Aber Knarf Rellöm ist natürlich kein Eskapist. Seine Musik ruft nach Veränderung. Im Hier und zwar jetzt, sofort! „Ist das noch zeitgemäß?“, mögen einige fragen. „Ist Knarf Rellöm etwa Kommunist?“ – Wenden Sie sich mit diesen Fragen bitte vertrauensvoll an den Künstler selbst. Und auch mit der Frage, warum auf der Dankesliste nicht nur linke Ikonen wie Toni Negri und Guy Debord auftauchen, sondern auch Franz Josef Strauss und Rudi Völler. Aber bitte genau lesen: Nicht um „Dank“ geht es hier, sondern um „Treibstoff“. Die Welt ist nun mal nur dialektisch faßbar. Kritische Energie ist eine Mischung aus dem, was uns anzieht und abstößt.

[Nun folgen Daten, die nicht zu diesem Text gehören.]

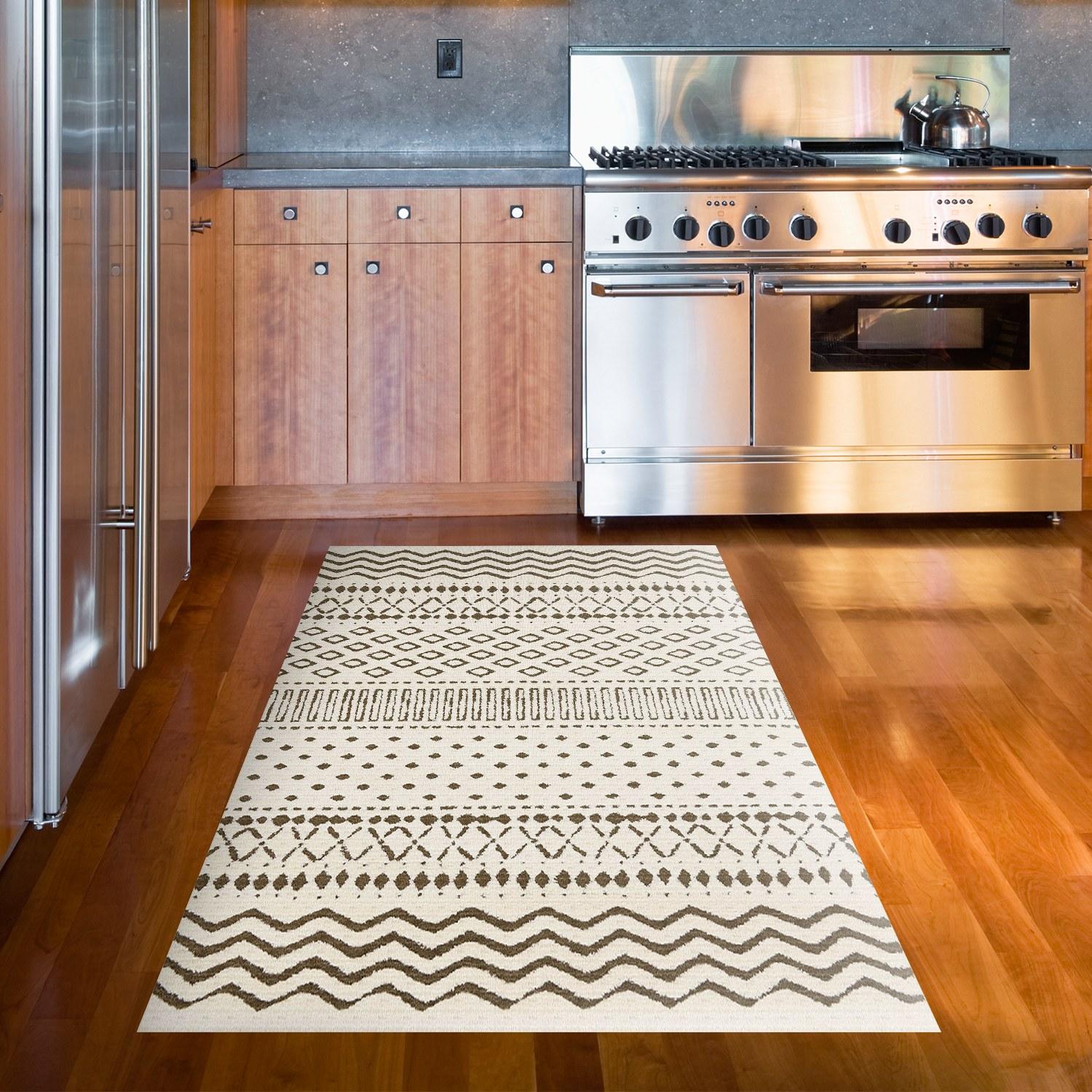 Conceptum Hypnose tepih 120x180cm braon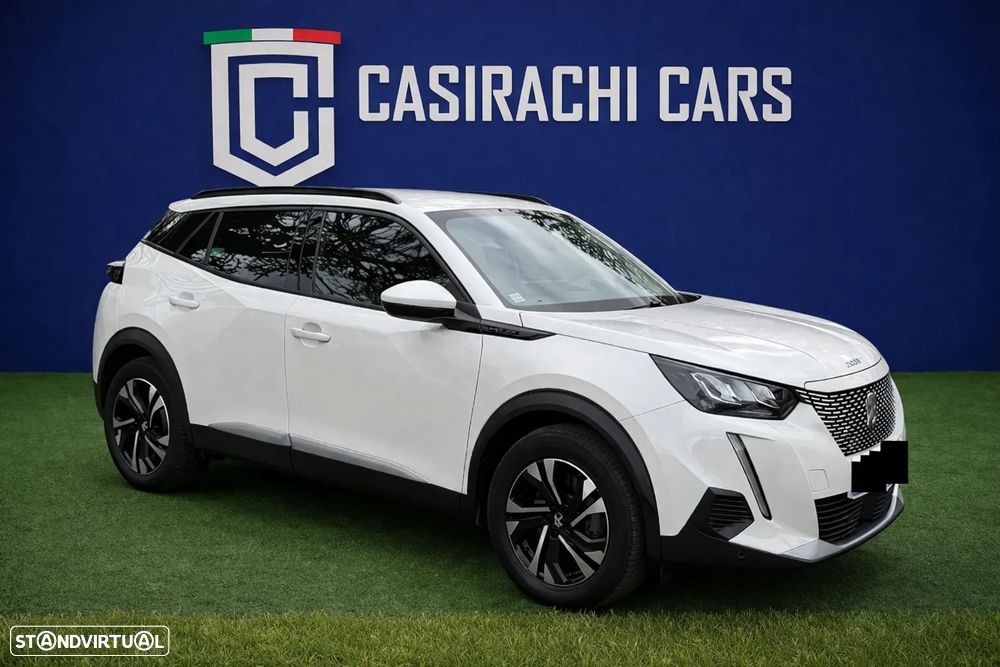 Peugeot e-2008 Allure Pack - 2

Klingt kompliziert? – Keine Angst, Knarf Rellöm hängt weder den Pädagogen, den Prediger noch den Diskurs-Popper raus. Denn wie immer hat die Musik auch – und zwar vor allem – sehr viel Groove, Sex Appeal, Witz und Charme. Funk und Disco bilden das Gerüst, nicht Indie-Innerlichkeit. Mit seiner Verzahnung von Message und Dancefloor schlägt die Knarf Rellöm Trinity einen Bogen zu den großen Ahnen des tanzbaren Agit-Prop, Sly Stone, The Last Poets und Curtis Mayfield. Und genau darum geht es: Die Linke (und damit ist, verdammt noch mal, nicht „Die Linke“ Lafontain’scher Prägung gemeint) wieder sexy zu machen. Populär, nicht populistisch. Kein Wunder also, dass das Design von „Move Your Ass & Your Mind Will Follow“ an die Cover des legendären „März“-Verlags angelehnt ist. „März“, das sollte man den Nachgeborenen erklären, war einer der wenigen linken Publikumsverlage der BRD, der nicht nur hohe Verkaufsauflagen hatte, sondern für dessen Herausgeber Jörg Schröder Pop und linke Theorie keinen Widerspruch darstellten. Keine straff organisierte K-Gruppen-Esoterik, sondern Knaller wie die von Rolf-Dieter Brinkmann herausgegebene „Acid“-Anthologie und „Sexfront“ von Günter Amendt. Agitation, die Spaß macht. Mehr noch: Was die Knarf Rellöm Trinity vom „März“-Geist übernommen hat, ist die Erkenntnis, dass Lust gar nicht ohne ein ganz bestimmtes politisches Bewusstsein denkbar ist. „Es gibt nur cool oder uncool“ muss wieder als politische Kategorie gedacht werden. Die Zeit der Style-Gefechte ist vorbei! Und die Zeit des Kuschelns sowieso. Let’s put some Inhalt in your tank.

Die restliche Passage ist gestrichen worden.